ITO in which Sn was added to ₂ O ₃ was used. The thickness was set to 1000 to 2000 °. The photoresist 12B is peeled off from the front plate 1 on which ITO is formed, and is washed and dried. Here, the transparent electrode 3 is formed by a lift-off method.
It goes without saying that it is also possible to form a film on the entire surface of the front plate 1, apply a photoresist, pattern the film, and pattern the film by etching using the film as a mask.

Next, as shown in FIG. 2E, the bus electrode 2 is formed in the recess 13 where the transparent electrode 3 is formed. At this time, as a method of forming the bus electrode 2, a method of forming a paste by mixing an organic solvent and a resin with the electrode material and forming a paste using the electrode material can be considered. In this embodiment, a paste obtained by mixing an organic solvent and a resin with an electrode material is formed in the concave groove 13 by a printing method. At this time, aluminum, silver, nickel, steel, chromium, or the like can be considered as an electrode material, but silver was used here. Also, in the case of the printing method, the screen groove is used to form the groove 13.
There is a method of printing the paste on the front plate 1 without using a screen plate and a method of putting the paste directly on the front plate 1 and embedding the paste in the groove 13 with a squeegee. The paste was printed.
However, when printing using the screen plate, 100 μm
Since it is difficult to form a pattern having a width smaller than the width, the pattern of the screen plate is made wider than the concave groove 13, and finally, the bus electrode 2 is formed up to the surface of the front plate 1.
In the printing stage, the paste was made to protrude from the surface of the front plate 1. This is to prevent the organic solvent and the resin component in the paste from being lost due to the baking, causing shrinkage, and preventing the paste from being formed evenly in the concave groove 13. This front plate 1
After drying and baking at 500 ° C. to 600 ° C., the protruding bus electrode was polished to make the surface of the bus electrode 2 and the surface of the transparent electrode 3 coplanar. Also, the groove 13
The protruding part was removed by laser.

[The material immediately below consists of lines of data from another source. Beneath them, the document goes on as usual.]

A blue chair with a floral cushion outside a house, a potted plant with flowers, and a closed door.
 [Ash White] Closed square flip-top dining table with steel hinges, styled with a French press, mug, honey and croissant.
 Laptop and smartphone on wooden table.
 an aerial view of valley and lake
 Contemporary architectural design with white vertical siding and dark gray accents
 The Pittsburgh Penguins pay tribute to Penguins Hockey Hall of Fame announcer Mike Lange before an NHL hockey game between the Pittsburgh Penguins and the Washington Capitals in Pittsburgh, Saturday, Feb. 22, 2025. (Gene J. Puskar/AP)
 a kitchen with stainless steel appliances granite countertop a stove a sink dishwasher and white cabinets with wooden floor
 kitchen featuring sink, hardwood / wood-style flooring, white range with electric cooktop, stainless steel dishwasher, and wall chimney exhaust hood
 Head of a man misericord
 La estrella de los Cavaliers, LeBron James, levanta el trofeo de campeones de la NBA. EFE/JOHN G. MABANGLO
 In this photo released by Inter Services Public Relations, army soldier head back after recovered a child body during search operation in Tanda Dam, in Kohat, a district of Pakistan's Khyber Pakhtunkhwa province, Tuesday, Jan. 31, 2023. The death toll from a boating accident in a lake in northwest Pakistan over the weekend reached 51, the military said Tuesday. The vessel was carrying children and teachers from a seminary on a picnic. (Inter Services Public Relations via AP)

After the formation of the bus electrode 3 in the previous step, FIG.
The color filter 11 is formed as shown in FIG. The color filter 11 was formed by a thick film printing method. The color filter 11 is colored red, green, and grown so as to be the same as the emission color of the phosphor 8 formed on the back plate 9. When the front plate 1 is formed by a printing method, the front plate 1 is formed in a stripe shape orthogonal to the transparent electrodes 3 and the bus electrodes 2, so that the surface of the front plate 1 needs to be flat. If the surface of the front plate 1 has irregularities, unevenness in the film thickness of the color filter 11 and uneven drying occur after printing, which greatly affects the display. But,
As described above, the thickness of the transparent electrode 3 is 1000 to 2000.
、, the transparent electrode 3 and the polished bus electrode 2
Is substantially flat with respect to the front plate 1. Thereby, the color filter 11 can be easily formed.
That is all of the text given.